Saat 6 buçuk olduğunda ustadan da aracıdan da ses çıkmadı. Biz de çıkmak için hazırlandık. Son anda usta yanımıza geldi ve saati 10 lira artı yemeği kabul ettiğini söyledi. Hep birlikte pazarlık yapınca hakkımız olanı kazandık ve aracı da mesaimizden hiçbir şey kazanmadı. En çok da buna sevindim. Aracı buna çok sinirlenmişti. Mesai bitene kadar benimle hiç konuşmadı. Yüzümüze bile bakmadı.
KAZANIMIMIZ BİRLİĞİMİZ
Mesai bitiminde yürüyerek evlerimize giderken, herkes bunu konuşuyordu. Bu küçük kazanım herkesi çok mutlu etmişti. Bana “Sevgi sen konuşmasaydın, biz 7 buçuğu kabul edecektik, çok sağol” dediler. Ben de “Bu bizim hakkımızdı, biz istedik onlar da verdi. Onlar bize muhtaç. Biz patrona kazandırdık, bizlerin sırtından onlar bir kez daha patron oldu. Biz emeğimizin karşılığını tam olmasa da aldık. Bundan sonra böyle olsun, hepimizin sözü bir olsun” dedim.

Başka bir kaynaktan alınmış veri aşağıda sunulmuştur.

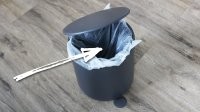 У меня пакет уже нацеплен на ведро. Фото из интернета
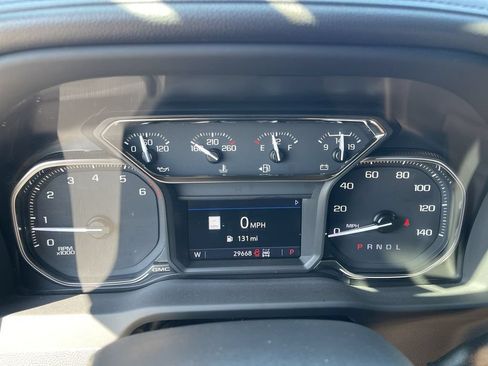 Used 2022 GMC Sierra 1500 AT4 w/ AT4 Premium Package AWD/4WD image 15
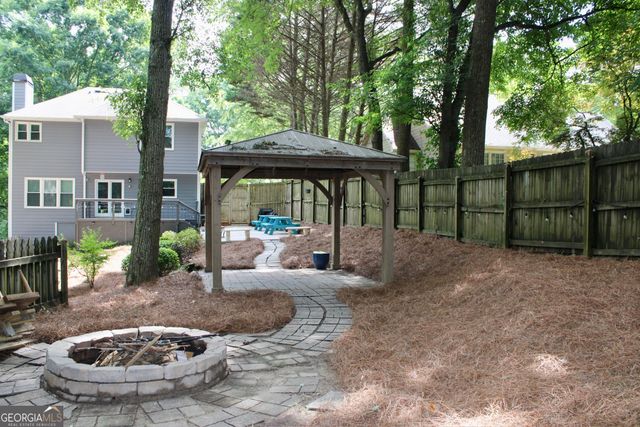 2160 Lakeway Drive, Dacula, GA 30019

Bu arkadaşlarla 2 hafta bir arada çalışmıştık. Ertesi gün iş yoktu kimseye. Ama ondan sonraki günlerde arkadaşlara iş vardı ama bana yoktu. Aracı beni çağırmadı. “İş yok, sayıyı düşürdük, az kişi geliyor” dedi. Oysa ki ustabaşı benim çalışmamı çok beğenmişti, işi çabuk kavradığımı, pratik olduğumu söylemişti. Aracının beni neden çağırmadığını biliyorum. Ona göre ben çıban başıyım. Benim gitmemem aracı için sömürü çarkının devam etmesi demekti.
Önemli olan şu ki, kazanımlarımız birliğimizi kurmakla mümkün. Bu tüm işçiler için böyledir. Biz birlikte hareket etmeseydik, az da olsa bu kazanım olmayacaktı.